**GIVEN ENTRIES:**
● ● ● ● ●

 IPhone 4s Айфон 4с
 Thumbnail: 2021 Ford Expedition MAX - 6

● ● ● ● ●

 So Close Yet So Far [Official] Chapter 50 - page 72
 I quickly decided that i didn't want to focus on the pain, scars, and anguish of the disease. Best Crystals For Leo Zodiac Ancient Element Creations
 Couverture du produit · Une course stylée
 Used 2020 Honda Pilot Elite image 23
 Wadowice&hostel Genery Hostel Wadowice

● ● ● ● ●

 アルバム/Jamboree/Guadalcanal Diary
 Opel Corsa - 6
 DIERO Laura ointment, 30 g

● ● ● ● ●

**TASK PROMPT:**
Copy out the lines above exactly, beginning at the one that contains "IPhone 4s Айфон 4с" and ending at the one that contains "Thumbnail: 2021 Ford Expedition MAX - 6".

**PROBLEM SOLUTION:**
 IPhone 4s Айфон 4с
 Thumbnail: 2021 Ford Expedition MAX - 6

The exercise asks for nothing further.